There’s a similar worry with the price of steel (which is also “overproduced” by China after diminishing its construction sector), and don’t forget the recent tarrifs imposed on EVs and renewable resources exported by China as well.
There’s wider implications on the West caused by price cuts:
less profits for the capitalist class
line doesn’t go up exponentially any more
the global south suddenly has viable alternatives to importing high-tech and manufactured goods
the financial instruments used to keep the global south down are no longer effective
I think it is more accurate to say that most western economies are dominated by monopolies, which are themselves controlled by hedge funds and the like. The Hedge funds blindly chase profit with little to no regard what enterprise they are actually investing in. This works so long as the productive enterprises holding up western economies (heavy industries, sectors critical to national security) are profitable from their monopoly status (upheld by patents, subsidies and high barriers of entry). But as soon as western economies start facing external competition, their monopolies loose profits, the hedge funds retract investments in western monopolies, and the whole game starts unraveling.
None of those implications are bad UNLESS you are a manufacturer of those goods in the West. Or investing in those manufacturers. This is where WSJ falls flat on its ass.
The rest of the economy is a consumer of those cheaper goods. So the discounts on those goods makes the wallet go further. That’s good for consumption. Consumers might even throw more money towards those dogshit services that economists are now in love with.
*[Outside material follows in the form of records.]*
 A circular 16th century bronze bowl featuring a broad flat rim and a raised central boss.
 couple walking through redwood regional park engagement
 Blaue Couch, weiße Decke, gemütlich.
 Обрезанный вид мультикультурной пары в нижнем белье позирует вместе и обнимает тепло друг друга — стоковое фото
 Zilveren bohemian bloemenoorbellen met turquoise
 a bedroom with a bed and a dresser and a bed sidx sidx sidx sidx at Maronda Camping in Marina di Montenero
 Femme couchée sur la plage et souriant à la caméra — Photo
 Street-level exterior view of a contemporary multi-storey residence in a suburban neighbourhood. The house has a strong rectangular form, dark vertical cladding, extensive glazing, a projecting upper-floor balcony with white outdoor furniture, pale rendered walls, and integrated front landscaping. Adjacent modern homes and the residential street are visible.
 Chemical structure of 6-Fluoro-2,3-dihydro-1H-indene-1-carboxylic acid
The way the western economy is tied together through stock markets though means that one company or hedge fund failing because one manufacturer goes down, will cause a domino effect (either due to panic or interconnected stocks). That’s the fear anyway. We’ve seen exactly that when Intel’s stock went down, which was only mitigated by the Fed printing money and silently propping up the stock market.
I agree the stock market is a big influence of the economy. Stocks are massively overvalued. There’s not enough available cash in existence if there’s big sell off on a major stock like Intel. Hence the need to print money. If the Fed didn’t intervene, that illusion of stocks actually having cash value would vaporise.
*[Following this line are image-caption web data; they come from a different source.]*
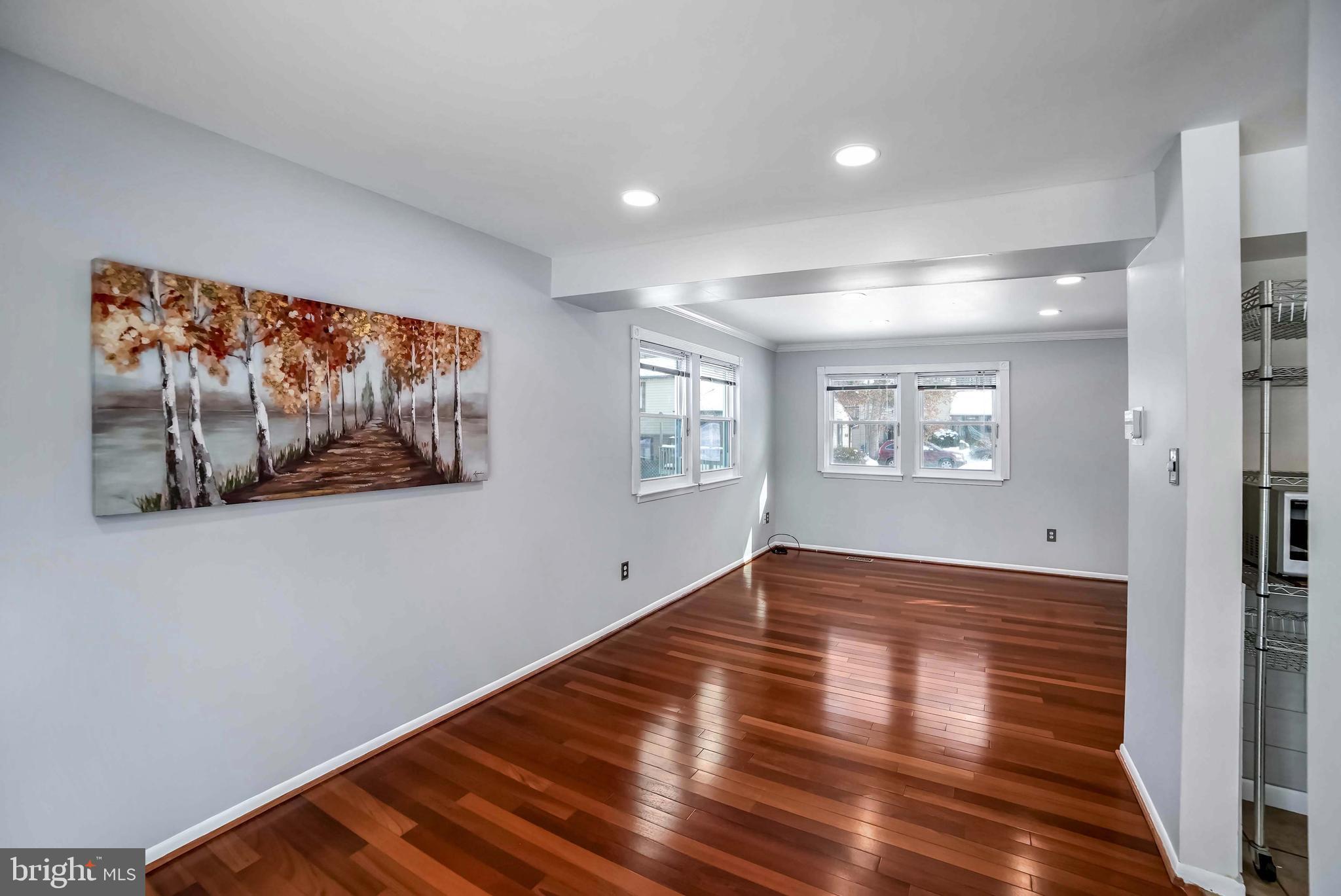 9551 Saddlebag Row Columbia, MD 21045 - Photo 6 of 30 a view of empty room with wooden floor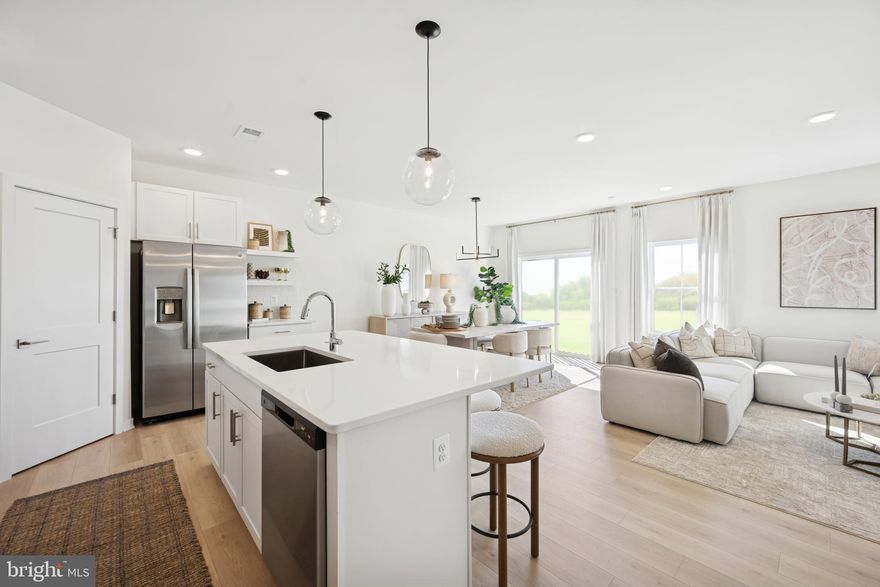 ESTIMATED OCTOBER/NOVEMBER MOVE-IN! Discover our Sweet Pea floorplan, blending modern comfort and thoughtful design in this stunning brand-new home with a partially finished basement and full bath! With 2,770 sq ft of living space, this 4-bedroom, 4 full bath home with an open-concept layout and 9’ ceilings throughout the main level is waiting to welcome you home. The upgraded kitchen is a true centerpiece, showcasing quartz countertops, a large island, and a walk-in pantry, perfect for everyday living and entertaining alike. The spacious great room offers an inviting space for gatherings or cozy nights at home. Retreat to the primary suite, complete with an oversized walk-in closet and a spa-inspired bath featuring double vanities and a semi-frameless walk-in shower. An Extra Suite on the main level provides exceptional flexibility—ideal for guests, multigenerational living, or a private home office. This home also features our designer curated Farmhouse Look which includes 42” staggered upper cabinets and floating shelves, adding a sense of charm and providing a unique space to display your favorite decor or dinnerware. A Farmhouse white apron front sink completes the modern Farmhouse Look along with sleek seamless Quartz kitchen countertops and stainless-steel appliances. Vintage inspired lighting, rustic main level flooring, and farmhouse finishes complete the Farmhouse charm throughout the home. This home offers the perfect balance of luxury, function, and comfort. Huntwell West is a highly sought after community conveniently located within minutes from shopping, dining, and outdoor adventures. Explore nearby gems like Historic Harpers Ferry, Historic Shepherdstown and Downtown Charles Town, just minutes from Hollywood Casino at Charles Town Races. Enjoy close proximity to commuter routes to Washington, D.C., Frederick, MD, and Northern Virginia. Call today to schedule your private tour! Ask about our closing costs assistance with K Hovnanian American Mortgage. **Photos may be of a decorated Model Home/similar home and features and may not reflect current home finishes. Pricing, options, and promotions are subject to change without notice. **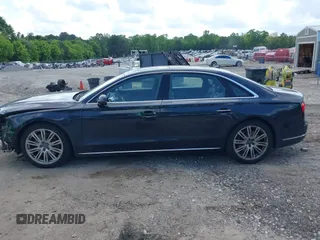 2015 Audi A8 4.0T with VIN WAU32AFD4FN002477, listed as a IAAI auction lot 42157514 with 151,729 mi miles and . Bid and sale history available at DreamBid. Image 14.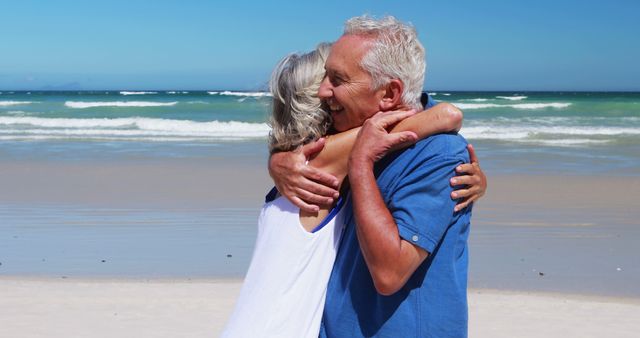 Senior couple hugging on beach with ocean waves in background - Download Free Stock Images Pikwizard.com
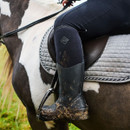 Muck Boots Women's Colt Ryder All-Conditions Riding Boot in use, shown muddy on a rider’s foot in stirrups while seated on a black and white horse.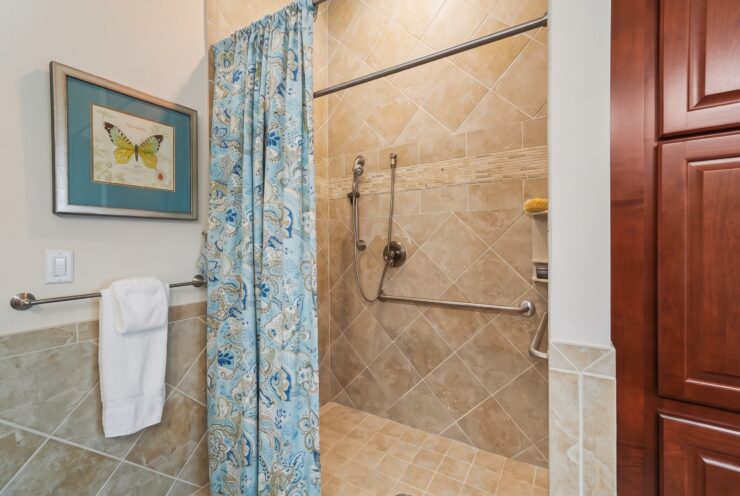 Spacious and accessible shower area with decorative curtain, warm tile, and supportive handrails.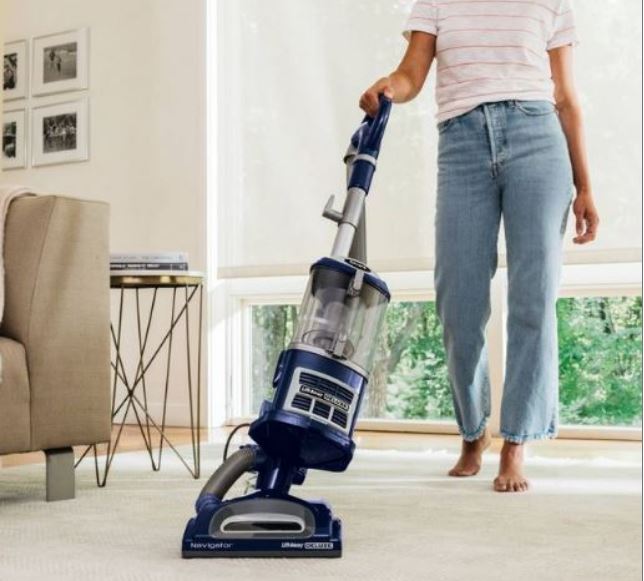 Woman vacuuming with the Shark Navigator Deluxe vac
The greatest thing about capitalism is infinite competition. Ok wait no you’re competing too good stop STOP
Of course they don’t, it’s the Wall Street Journal
They are incapable of having a coherent view of economics
I’m 99 percent sure they do know how trade works, they are just spinning this as a negative because Amerikkkans have been conditioned to accept hypocrisy and racism, and to throw a fit when the Amerikkkan colonialist empire is unable to sufficiently profit off of something.
I’m 99 percent sure they do know how trade works, they are just spinning this as a negative because Amerikkkans have been conditioned to accept hypocrisy and racism, and to throw a fit when the Amerikkkan colonialist empire is unable to sufficiently profit off of something.